Issue 16 / 2 May 2016

THE inappropriate use of opioids for chronic pain is a system-wide problem which can only be addressed by providing guidance to all health professionals across each stage of care, say experts.

Dr Evan Ackermann, GP and chair of the Royal Australian College of General Practitioners Expert Committee — Quality Care, said that while opioid prescribing was a key issue for general practice, “we need to reappraise prescribing in the acute setting, because opioids are being prescribed here when there are alternatives”.

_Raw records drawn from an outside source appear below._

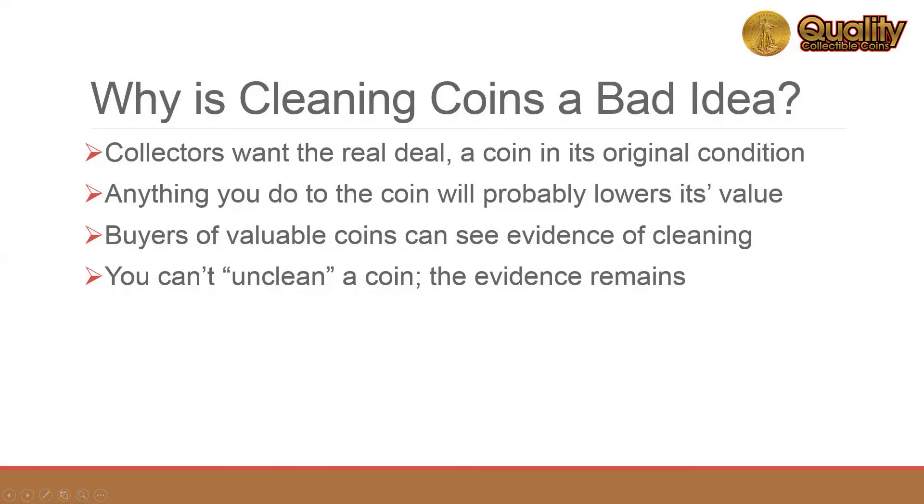So why shouldn't you clean it? Here are some of the reasons. Collectors value coins as close to their original condition as possible. Any disturbance in the look of the coin will likely lower the value. Buyers of valuable coins can see the slightest evidence of cleaning and will decrease their price, if they make an offer at all.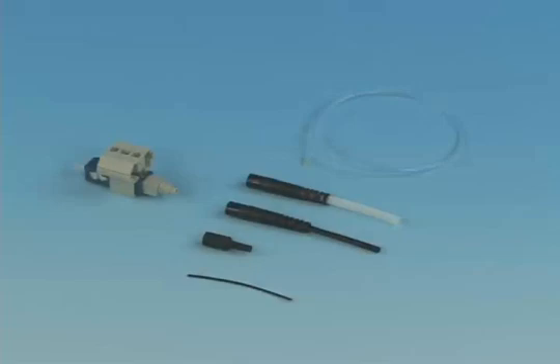Each FAST-SC connector includes the following components: the FAST-SC connector assembly with wedge clip installed, a 250 micron protective tube, a clear protective tube, a 3 millimeter boot, a 2 millimeter boot, and a 900 micron boot.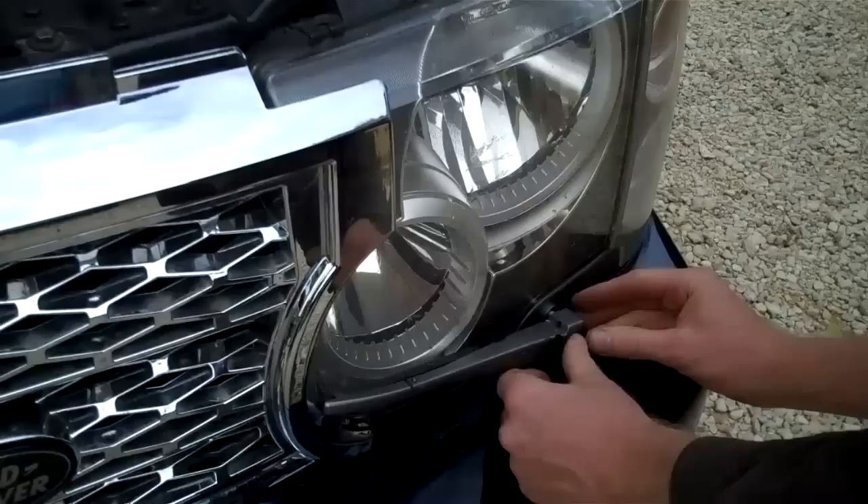Put the plastic cover back over and there we go. Close the bonnet down, and that's it done. That's the facelift grille fitted. We'll see you next time.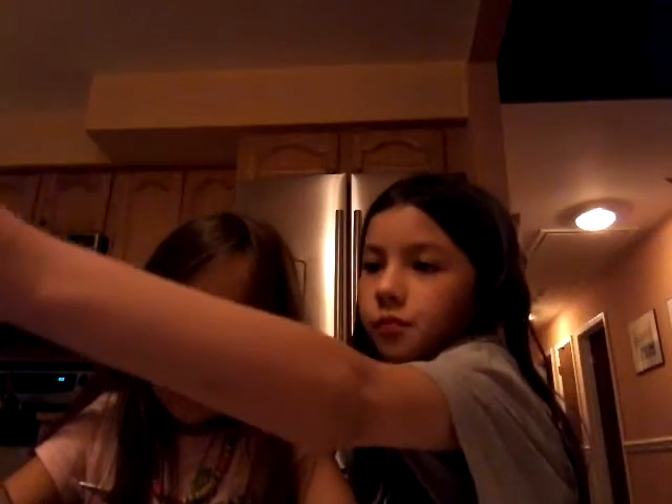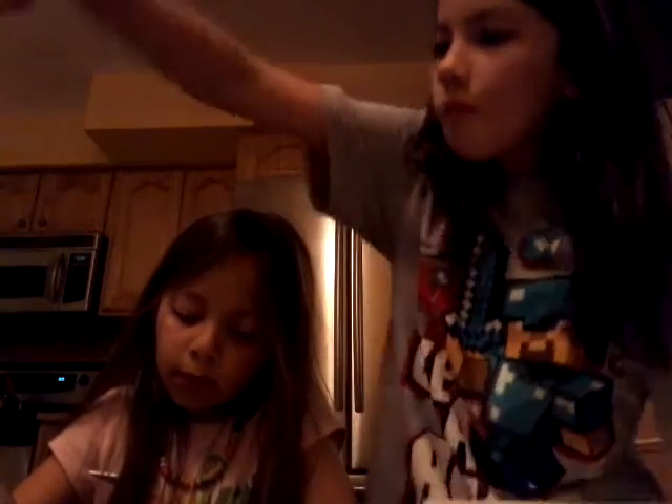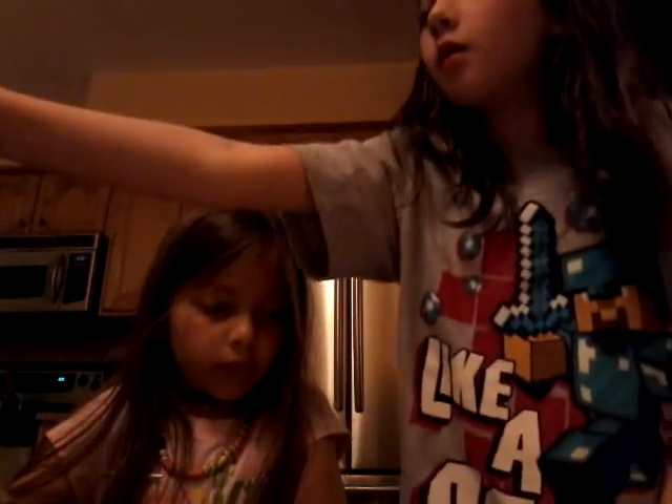I'm making myself. I messed up. Oh, whatever. It's fine. I'm making myself. I need red. I got red lipstick. Some red cheeks. I'm using the color black for now, because yeah, I need black. I'm just going to do black for my eyes.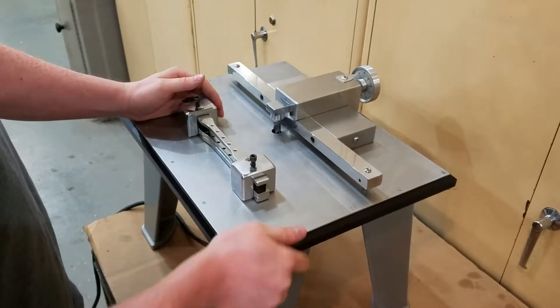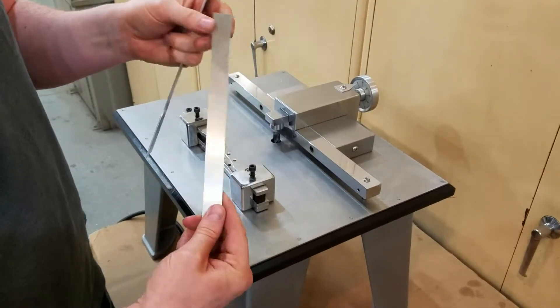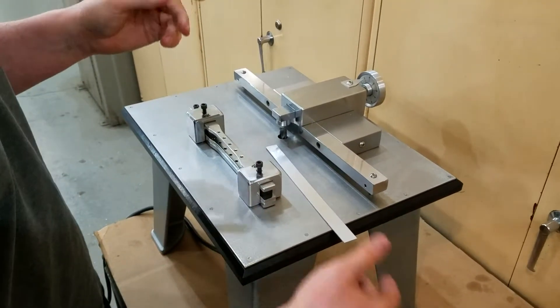Today we're going to do a quick video on our Tensor Cop 1. The point of this machine is to take strips of your material — in this case today we're going to be doing a piece of aluminum — and it makes samples out of them for ASTM testing, or whatever testing.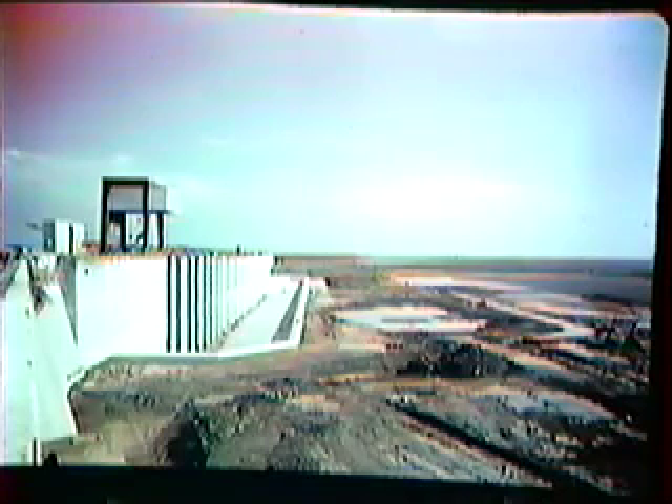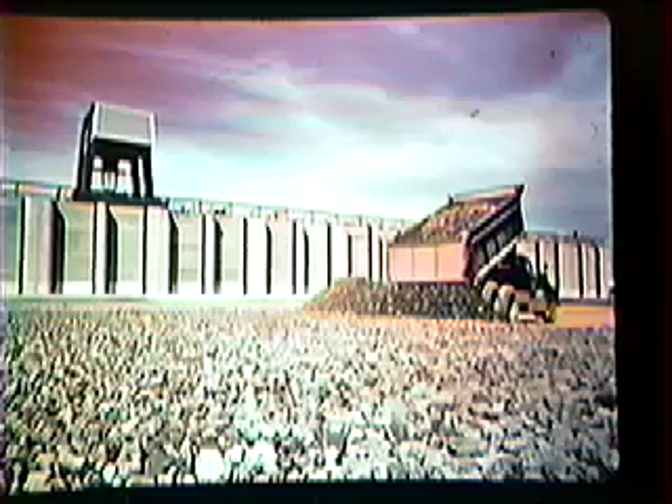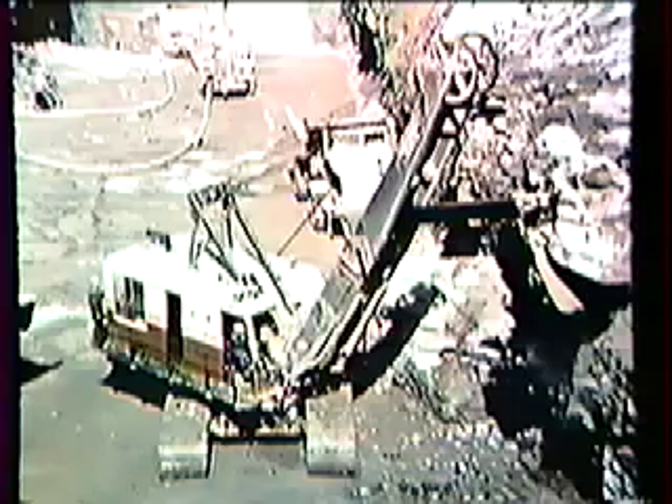Here is the pump storage plant, all done, with the concrete aprons all in place. These pumps are used to pump the water into the reservoir. On the bottom of the reservoir, they are putting in crushed rocks to make a good solid base.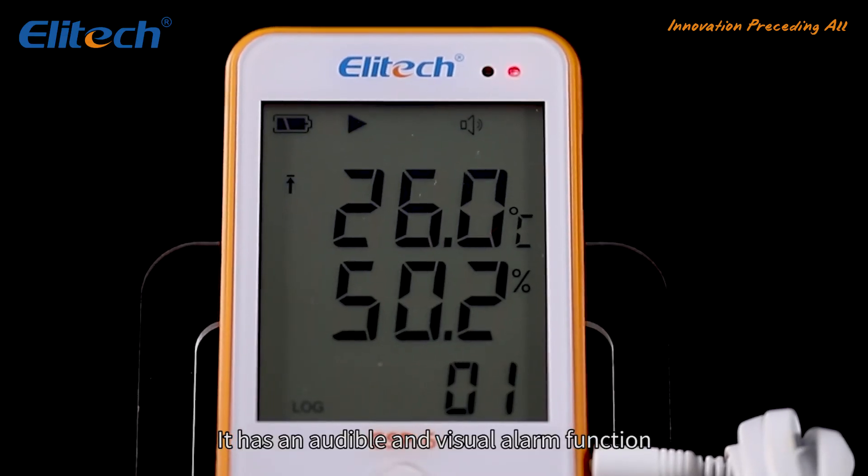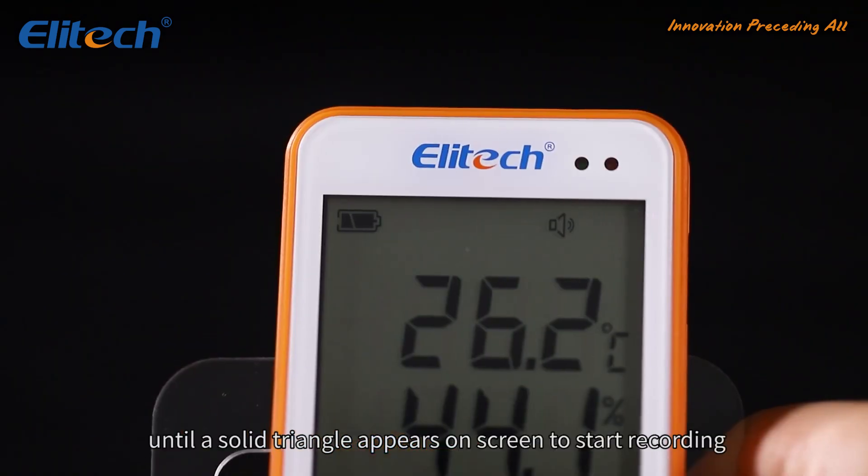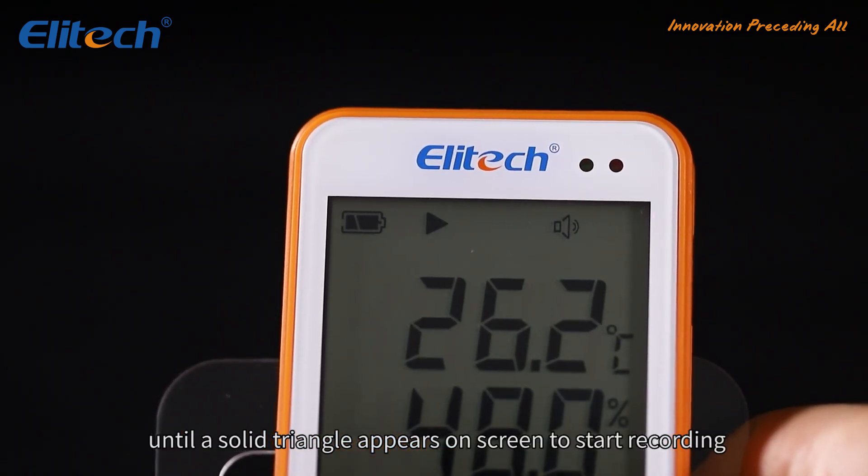It has an audible and visual alarm function. Press the button for about five seconds until a solid triangle appears on screen to start recording.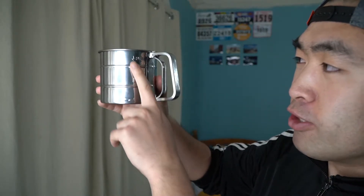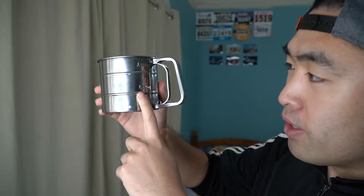For the one that I have right here, you guys can see the measurements on here. If you fill it up to this line, it's 250 grams. If you fill it up to here, it's 125 grams. And if you fill it up to here, that'll be 325 grams. There are other ones in the market that carry more or less, but this one can carry up to 325 grams, which is a lot.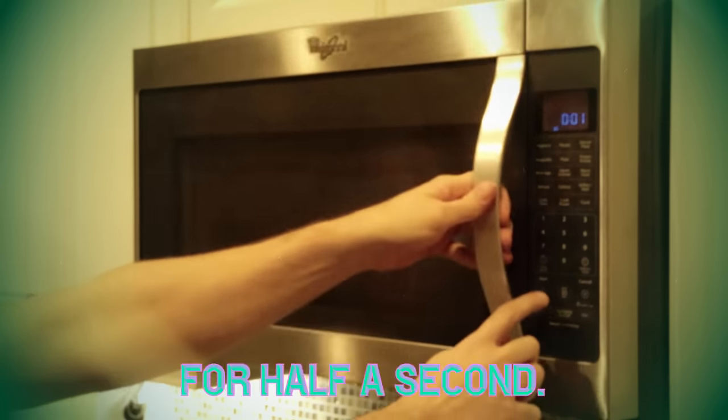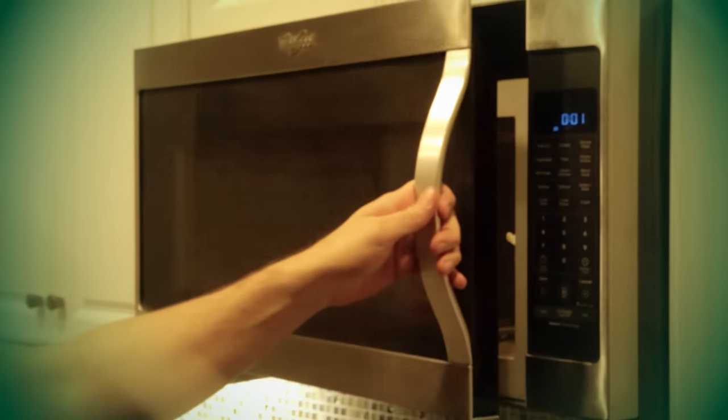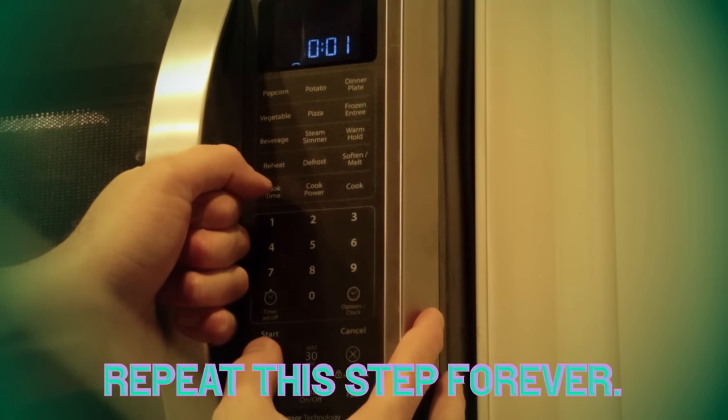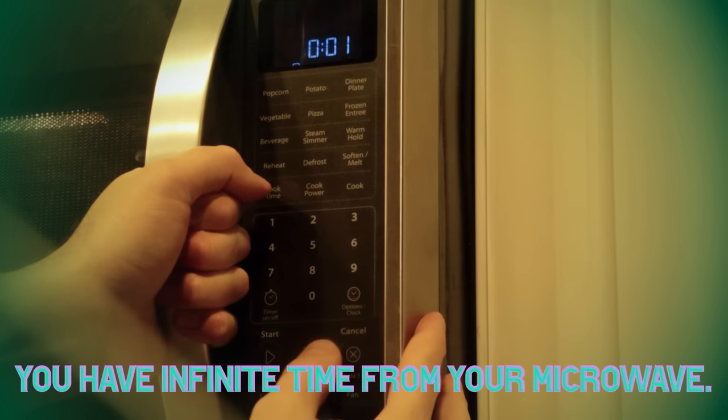What you do is you let the time run for half a second. Then open the microwave, shut it again, push play, and repeat this step forever. Very simple, right? And just like that, you have infinite time from your microwave.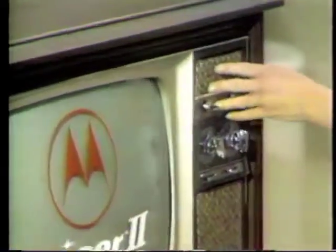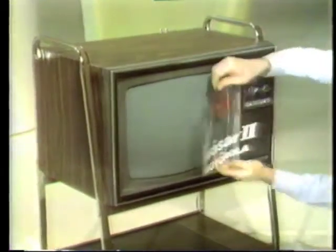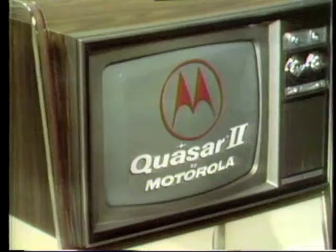Hi, I'm Raquel Welch, and you're watching me on Quasar 2 Color TV. Quasar 2 by Motorola. It has the improved picture tube for sharper, clearer color. The works in the drawer help keep it that way. And Motorola's suggested list price optional with dealer is the lowest price ever for their works in a drawer color TV.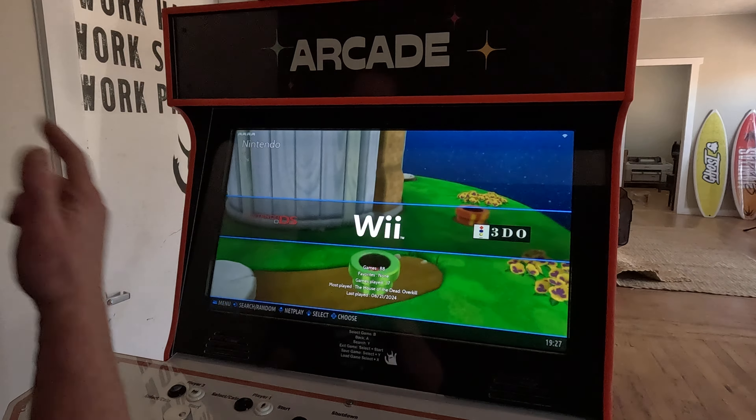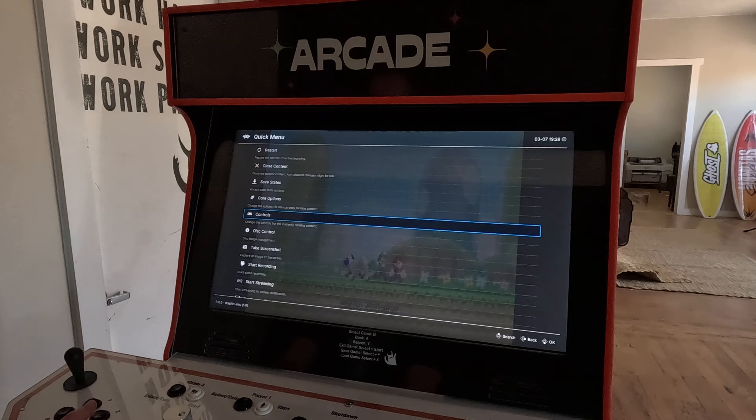Give it a minute to load. Once you're inside the game, hold the player one coin button and the B button — that will bring up the quick menu. Go down one option and into controls, then press B.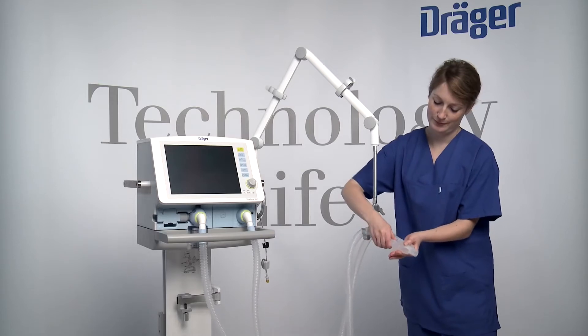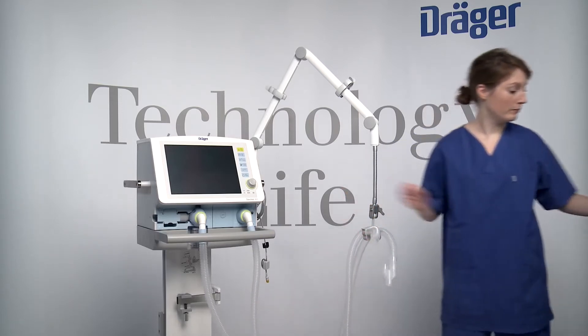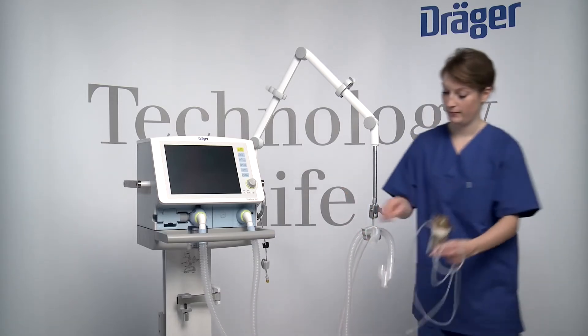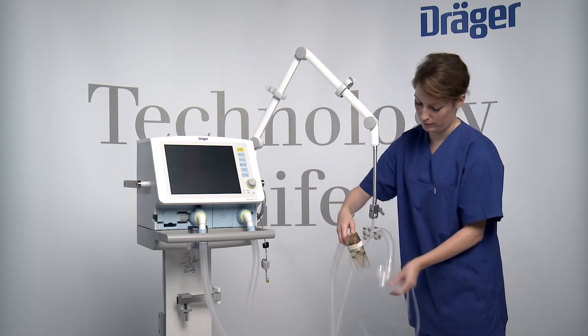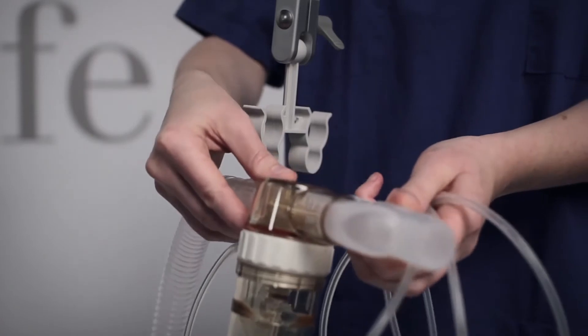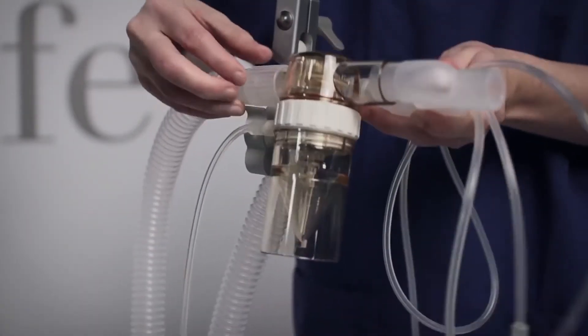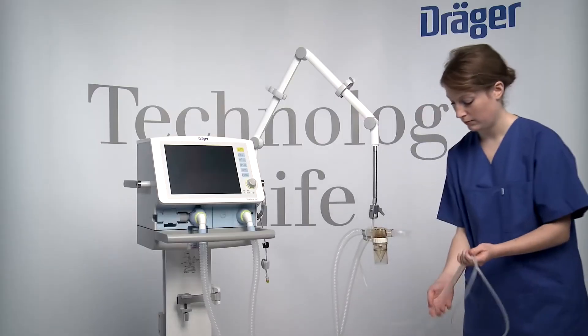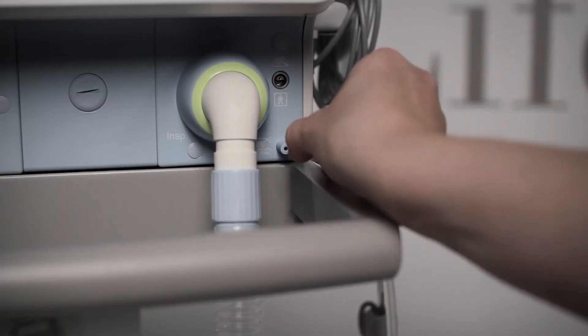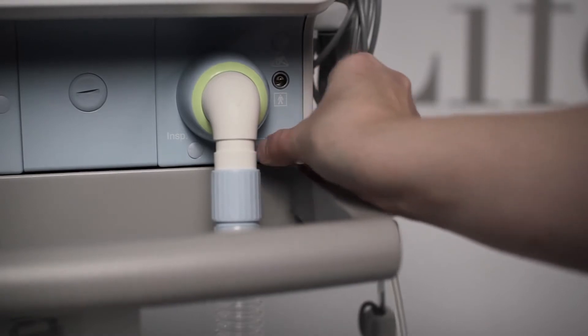If a pneumatic nebulizer is used, connect the nebulizer to the inspiratory side of the Y-piece and connect the inspiratory hose to the nebulizer. Place the nebulizer in the vertical position. Run the nebulizer hose back to Savina 300 along the inspiratory hose and fit it onto the nebulizer port.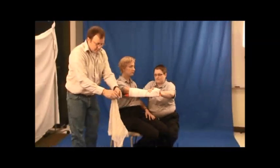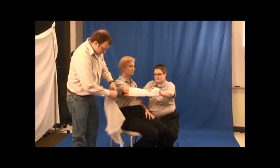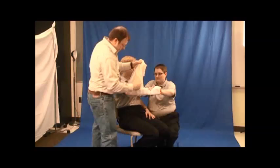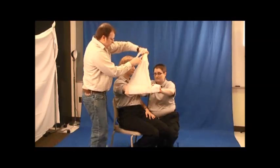Create a sling and bring it towards the body.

“Patients are also given a box instead of two to three pills. In hospitals, Endone has become the new Panadol so there is a cultural shift that we need to address. There has to be better discipline”, he told MJA InSight.

Dr Ackermann was commenting on an MJA article published today which summarised the evidence on opioid prescriptions in general practice for chronic non-cancer pain.

The authors wrote that Australia continues to experience rising rates of opioid prescription and an increase in the number of opioid preparations available.

They said that part of the treatment for acute non-cancer pain would inevitably include opioid analgesics for days to weeks.
However, as a patient’s pain becomes chronic, there is no evidence to support the ongoing prescription of opioids.

The authors said there had also been documented clinical consequences of using opioids to treat chronic pain, including acceleration of bone density loss, hypogonadism and increased risk of acute myocardial infarction.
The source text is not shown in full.